CA Rennes, référés 8e ch., 26 novembre 2025, n° 25/04801

RENNES

Ordonnance

Autre

CA Rennes n° 25/04801

26 novembre 2025

Référés 8ème Chambre

ORDONNANCE N°12

N° RG 25/04801 -

N° Portalis DBVL-V-B7J-WDFM

S.A. AALBERTS HFC COMAP

C/

M. [T] [D]

Copie exécutoire délivrée

le :

à :

- Me Sarra JOUGLA,

- Me Tiphaine LE BERRE BOIVIN

REPUBLIQUE FRANCAISE

AU NOM DU PEUPLE FRANCAIS

COUR D'APPEL DE RENNES

ORDONNANCE DE RÉFÉRÉ

DU 26 NOVEMBRE 2025

Monsieur Hervé BALLEREAU, Président de chambre délégué par ordonnance de Monsieur le Premier Président du 02 Juillet 2025

GREFFIER :

Madame Françoise DELAUNAY, lors des débats, et Monsieur Philippe RENAULT, lors du prononcé,

DÉBATS :

A l'audience publique du 20 Octobre 2025

ORDONNANCE :

Contradictoire, prononcée publiquement le 26 Novembre 2025, par mise à disposition date indiquée à l'issue des débats

****

Vu l'assignation en référé délivrée le 07 Août 2025

ENTRE :

La S.A. AALBERTS HFC COMAP prise en la personne de ses représentants légaux et ayant son siège social :

[Adresse 4]

[Localité 3]

Représentée par Me Anne-Marie CARO, Avocat au Barreau de RENNES, substituant à l'audience Me Sarra JOUGLA, Avocat postulant du Barreau de PARIS et ayant Me Pierre-Jacques CASTANET, Avocat au Barreau de PARIS, pour conseil

ET :

Monsieur [T] [D]

né le 16 Août 1975 à [Localité 5] (56)

demeurant [Adresse 1]

[Localité 2]

représenté à l'audience par Me Tiphaine LE BERRE BOIVIN, Avocat postulant du Barreau de RENNES et ayant Me Bruno LOUVEL, Avocat au Barreau de RENNES, pour conseil

EXPOSÉ DU LITIGE

La société Comap aux droits de laquelle se trouve la société Aalberts HFC Comap SA qui a pour activité la vente de composants pour systèmes thermiques a embauché M. [D] en qualité de Commercial suivant contrat de travail à durée indéterminée en date du 6 décembre 2004.

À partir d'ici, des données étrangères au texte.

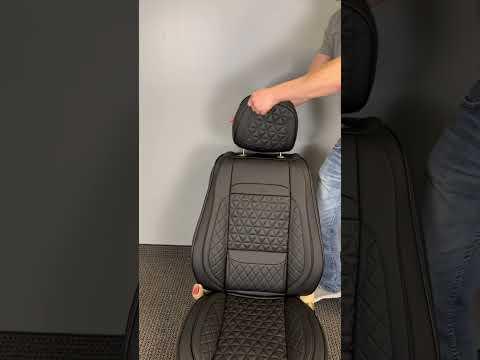 Luxury Seat Covers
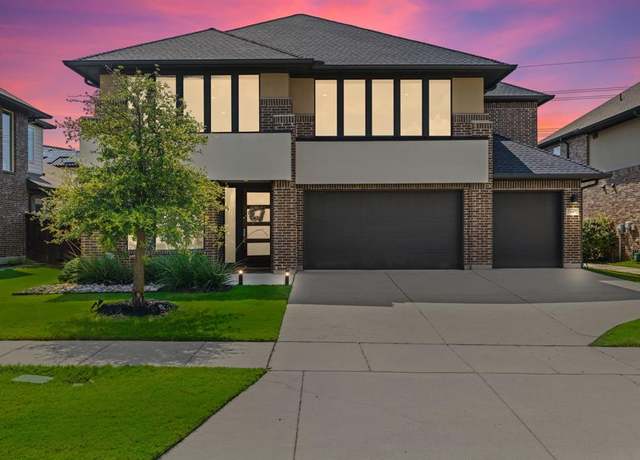 Property at 3647 Pistol Creek Dr, Frisco, TX 75034, 5 beds, 5.5 baths
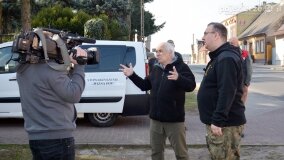 Napoleoński żołnierz z Łopienna odnaleziony! - zdjęcie 8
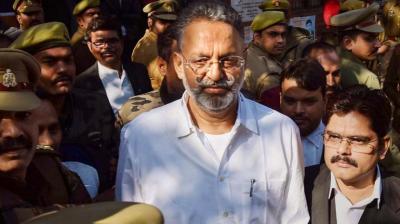 Mukhtar Ansari News Mukhtar Ansari News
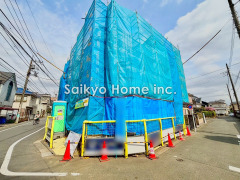 小金井市貫井南町5丁目　新築分譲住宅　全2棟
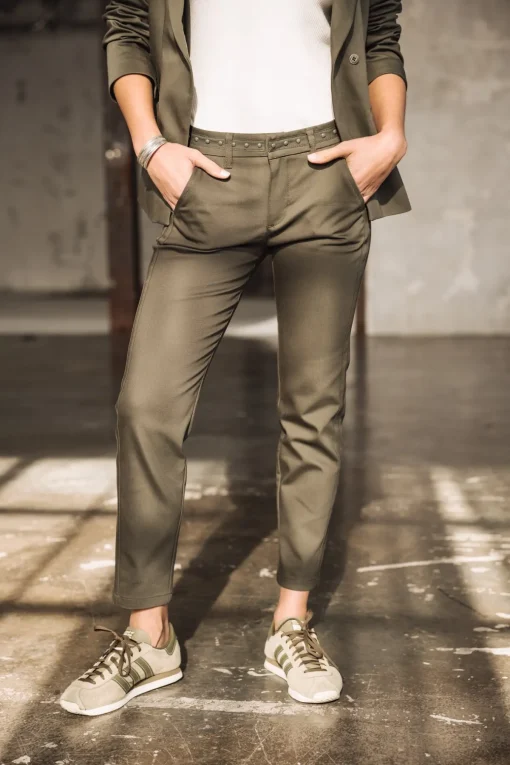 City | Slim*Freeman T. Porter Claudia Polyneo Light fourleafclover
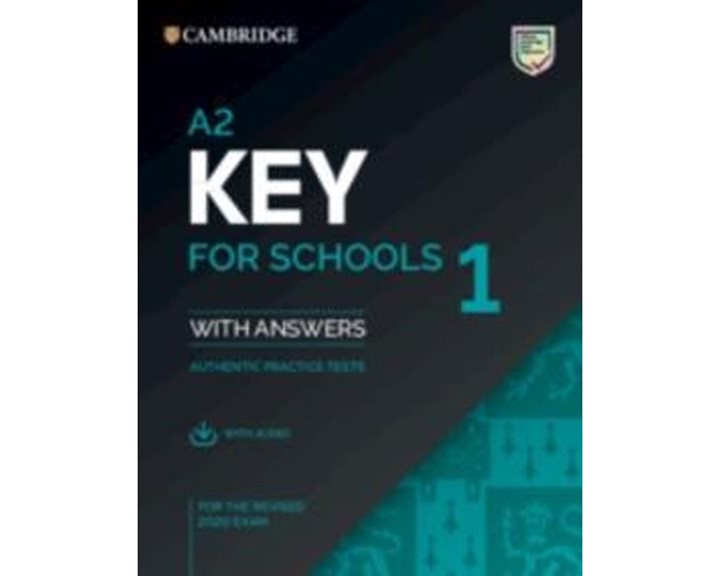 A2 Cambridge Key For Schools 1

En 2006, la société Comap est devenue membre du Groupe néerlandais Aalberts Industries NV.

M. [D] a occupé différents postes au sein de l'entreprise et au dernier état de la relation contractuelle de travail il était employé en qualité de Directeur de région- Responsable grands comptes moyennant un salaire brut mensuel de 7.781,18 euros.

Par lettre recommandée avec demande d'avis de réception en date du 3 mars 2021, M. [D] s'est vu notifier son licenciement pour motif économique intervenu dans le cadre d'une procédure de licenciement collectif pour motif économique.

Suivant requête en date du 1er mars 2022, M. [D] a saisi le conseil de prud'hommes de Vannes afin de voir juger son licenciement nul, à défaut sans cause réelle et sérieuse et d'obtenir le paiement de différentes sommes à titre de dommages-intérêts et indemnités.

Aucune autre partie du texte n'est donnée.